LEGGI FORESTALI VENEZIANE COMUGNE E GASTALDIE
"Quando Consilium erit ita plenu quod..." . Con questo decreto il Consiglio dei Dieci dichiarò, il 15 gennaio 1475, i boschi ed i beni silvo - pastorali comunali, detti anche "Comugne", inalienabili ed indivisibili, vietando, anche nei boschi privati, ogni operazione che potesse rovinarli o trasformarli in prati o pascoli, prescrivendo che nessun bosco poteva essere tagliato prima dell'età di dieci anni senza il benestare dell'autorità forestale. Inoltre vietò di far legna per ricavarne carbone e fu concesso il pascolo al sesto anno, dopo ogni eventuale rimboschimento o taglio.
Queste " Comugne " erano istituite per fini pubblici in forza di una necessità giuridica; infatti la formazione del " demanio necessario " non derivava da atti volontari della pubblica amministrazione, ma in virtù della necessità collettiva della natura stessa di esso. I provvedimenti di limitazione della proprietà terriera privata rappresentavano il " demanio accidentale ", la cui destinazione era ugualmente per fini pubblici.
Queste norme sancivano nel diritto pubblico la disciplina e l'organizzazione complessiva del funzionamento dello Stato della Repubblica veneziana, regolando il particolare ed importante settore del patrimonio forestale.

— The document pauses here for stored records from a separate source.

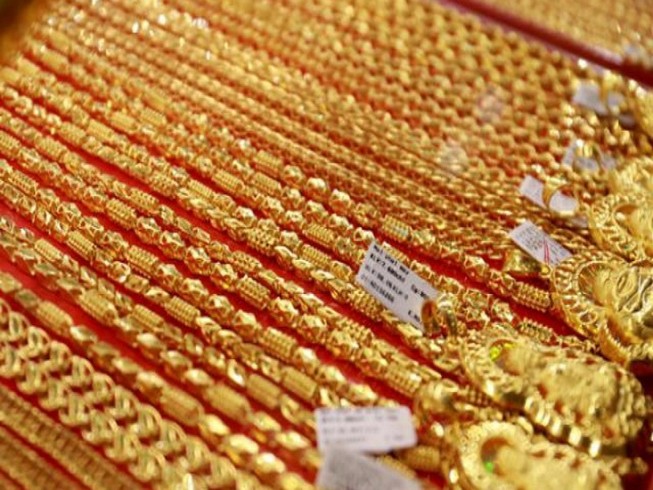 Giá vàng trong nước tiếp tục bất thường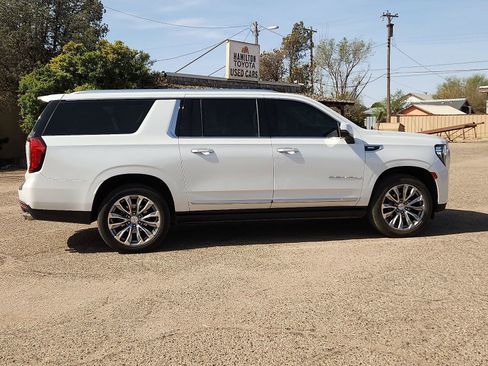 Used 2021 GMC Yukon XL Denali w/ Denali Premium Package image 5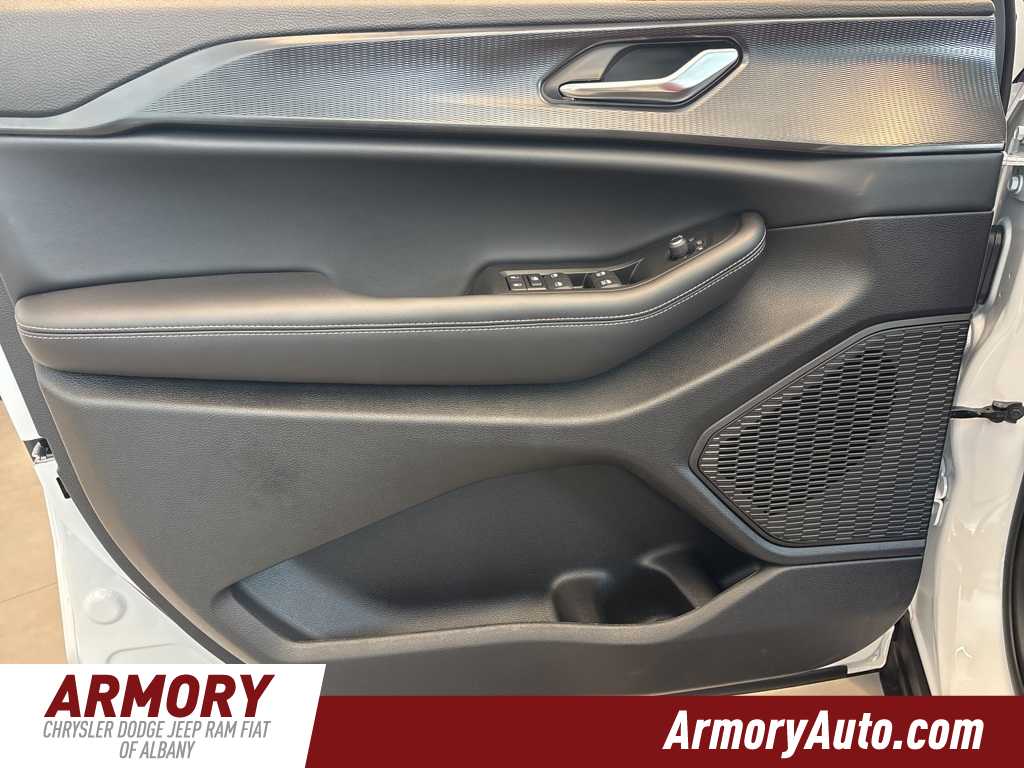 Thumbnail: 2025 Jeep Grand Cherokee - 7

E' importante notare, come si può rilevare dall'ordinanza del 28 novembre 1601, in materia di "Roveri ", che, decretando l'eccelso Consiglio dei Dieci l'obbligo e la costruzione di fossi, internamente nei boschi privati, per prevenire gli incendi e per facilitare lo scorrimento delle acque, non abbia previsto indennizzi ne contributi per le opere molto onerose.
Stabilì invece pene esemplari. " ... di cavar fossi di dentro di essi Boschi, e tenerli rimondati, accioché l'Acque possano scolar liberamente, e non apport'ar a quelli (boschi) alcun danno, e non lo facendo, vi sia rimediato a suoi danni, e interessi, con altrettanta pena più di quello che potesse andar di spesa " (1).

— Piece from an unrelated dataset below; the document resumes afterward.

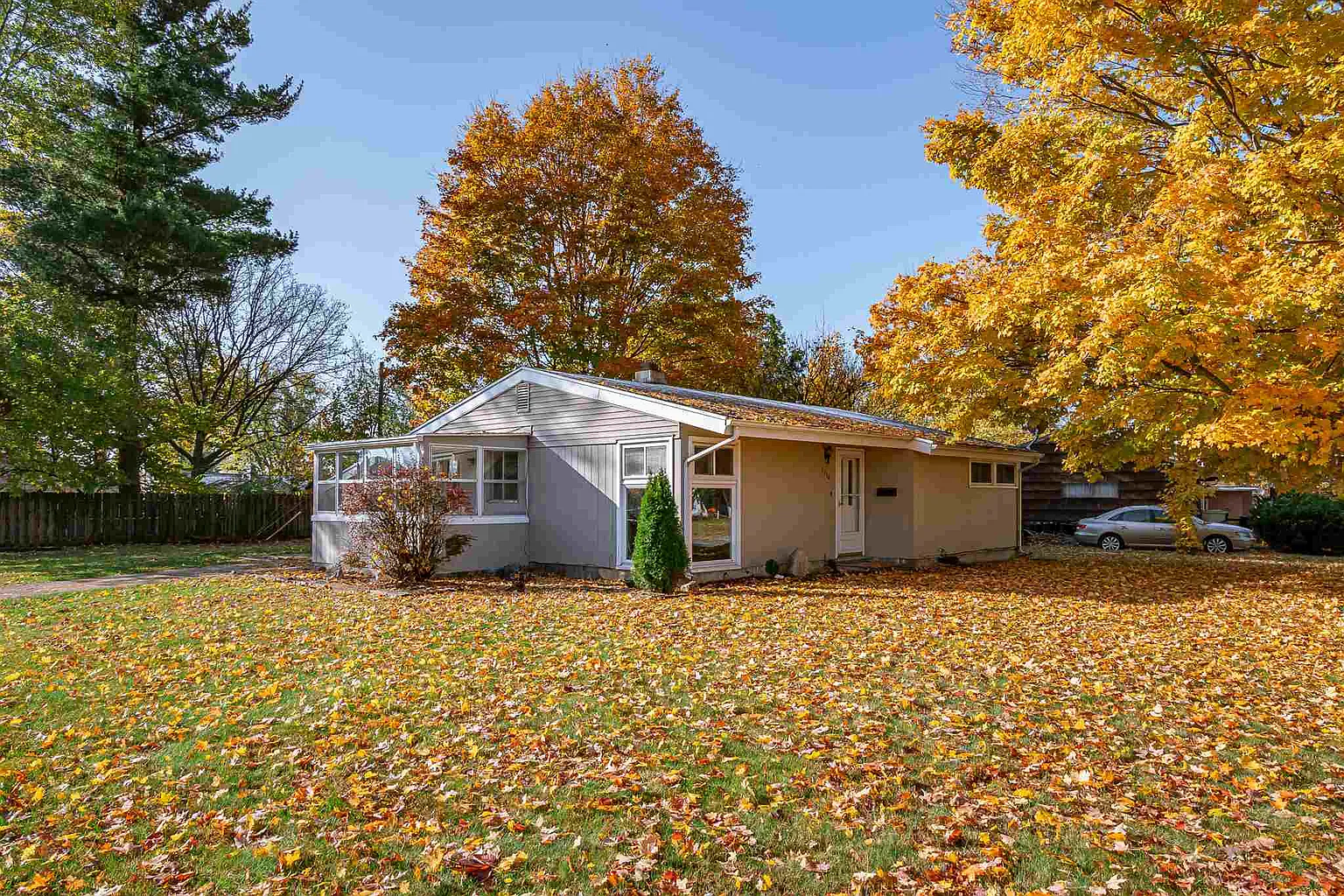 1254 Lakewood Dr photo 1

Fu così che il Consiglio dei Dieci riparò ai danni causati da molteplici fattori ai boschi di rovere che si estendevano copiosi nei territorio della Repubblica.

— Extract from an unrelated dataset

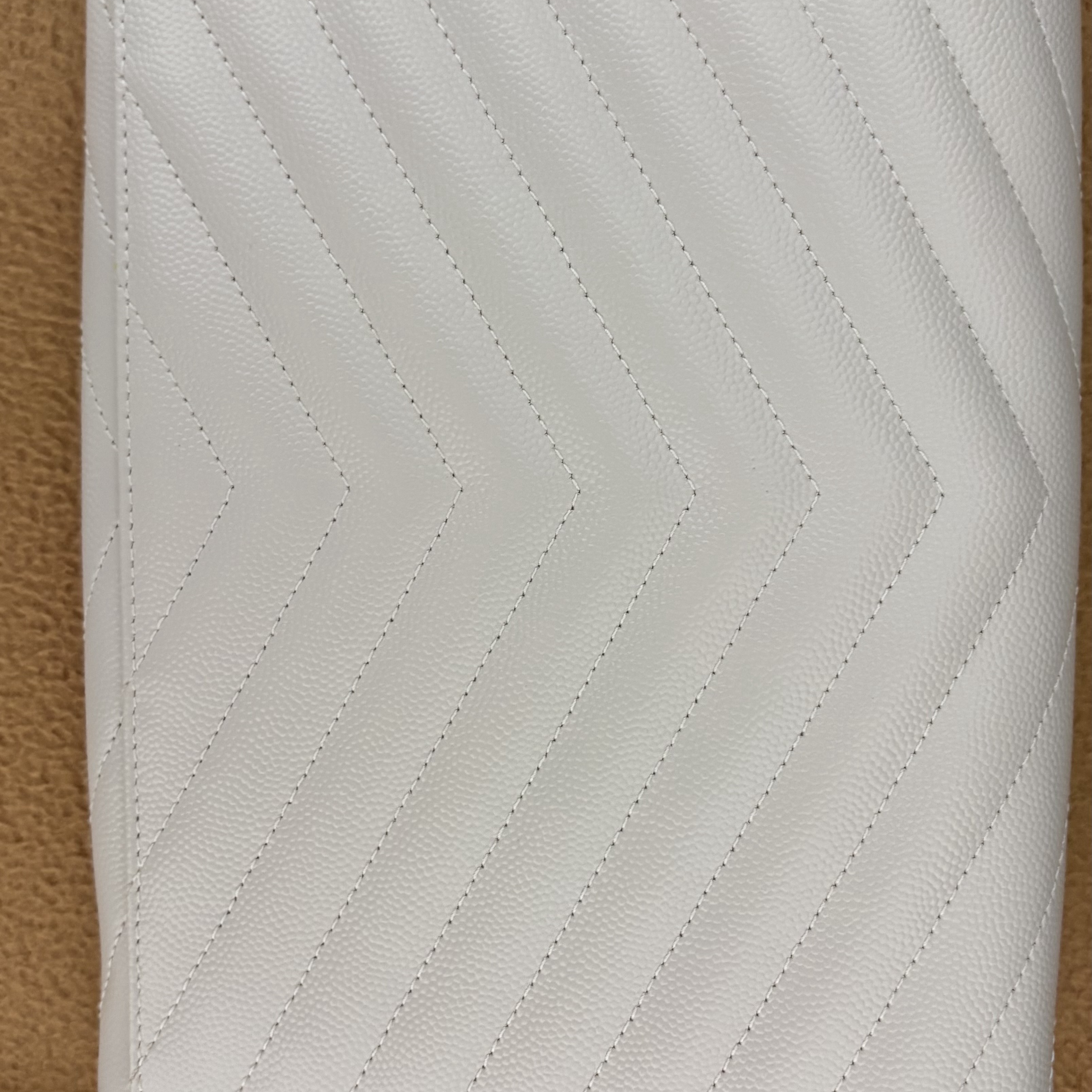 Saint Laurent Cassandre Matelassé Flap Pouch White Leather Very good condition - Back View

Come si arrivò a questo decreto catenaccio? Nel 697 i boschi di Venezia erano divisi in Coronali e Comunali, i primi alle dipendenze dirette del Doge, gli altri affittati o lasciati in usufrutto alle Gastaldie (2), le quali dovevano coltivarli a. bosco, ricostituendo i vuoti e riservando una quantità stabilita di legname per la casa Ducale.
Nel 725 cominciò la prima fase della politica forestale veneta, che fu però fino al XIV secolo molto primitiva e basata su principi elastici. Determinava e limitava però questa politica forestale il principio fondamentale di uno Stato che non era di diritto, ma costituito da una particolare classe sociale, cioè l'aristocrazia.
Soltanto con l'evoluzione storica sociale e l'annessione alla repubblica, da parte dell'imperatore Bizantino, in cambio di Ravenna, di tutto il retroterra fino all'Adige, le conquiste dell'Istria e della Dalmazia nel 1150 e del Padovano nel 1405, del Friuli nel 1420, territori ricchi di querceti, la Carnia, il Bellunese ed il Cadore, con le loro immense selve di conifere e di faggio, ed infine, nel 1482, tutto il Polesine, allora fornitissimo di boscaglie cedue e di fustaie, si ebbe una vera politica forestale.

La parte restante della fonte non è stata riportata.